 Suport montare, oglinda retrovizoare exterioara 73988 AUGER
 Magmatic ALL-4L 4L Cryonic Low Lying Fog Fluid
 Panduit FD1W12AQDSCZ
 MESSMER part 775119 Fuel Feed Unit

------------------------------

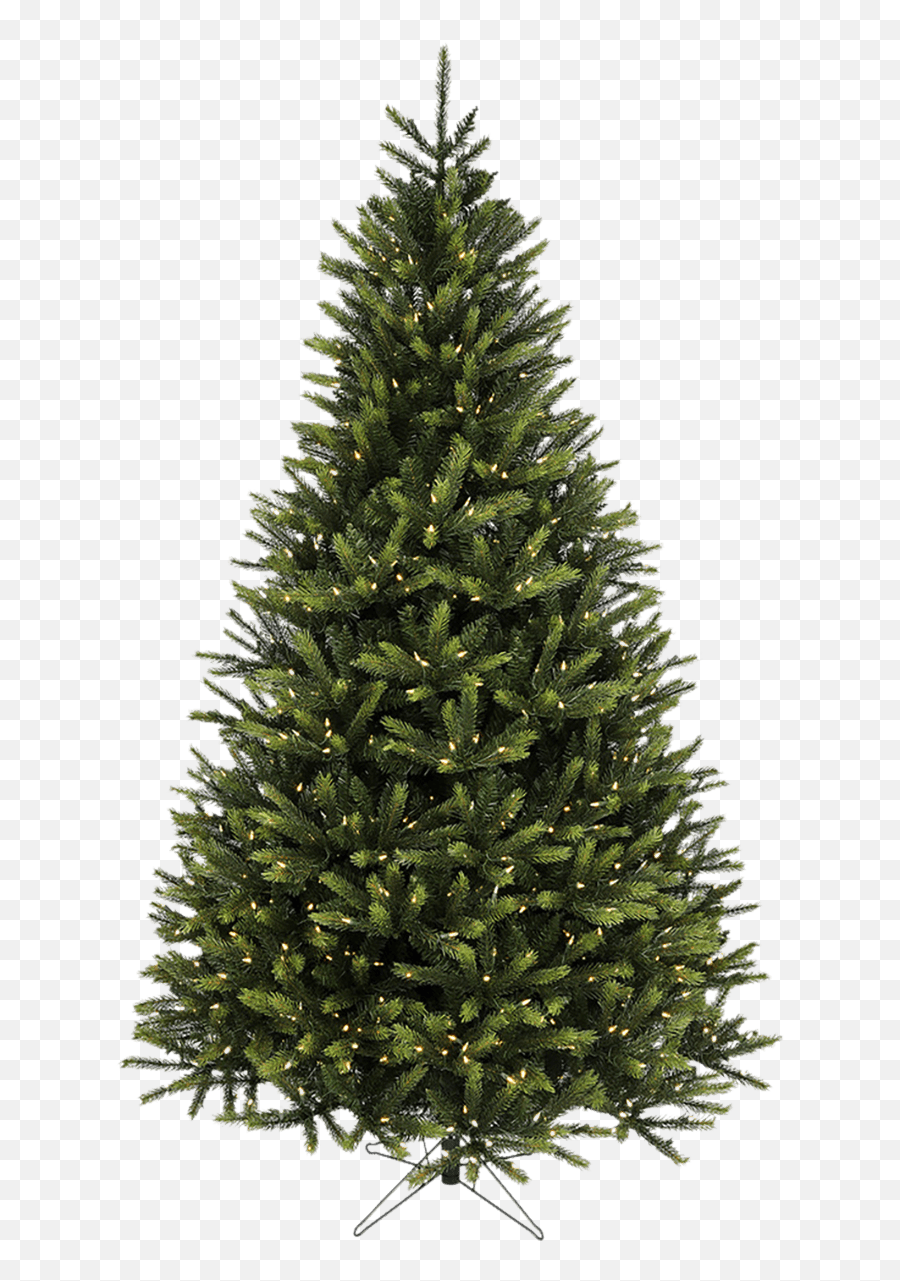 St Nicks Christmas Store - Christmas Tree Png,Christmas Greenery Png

------------------------------

__Exercise objective__: Return word for word the lines above from the line with "Panduit FD1W12AQDSCZ" to the line with "MESSMER part 775119 Fuel Feed Unit", including both and leaving out all others.

__Exercise answer__:
 Panduit FD1W12AQDSCZ
 MESSMER part 775119 Fuel Feed Unit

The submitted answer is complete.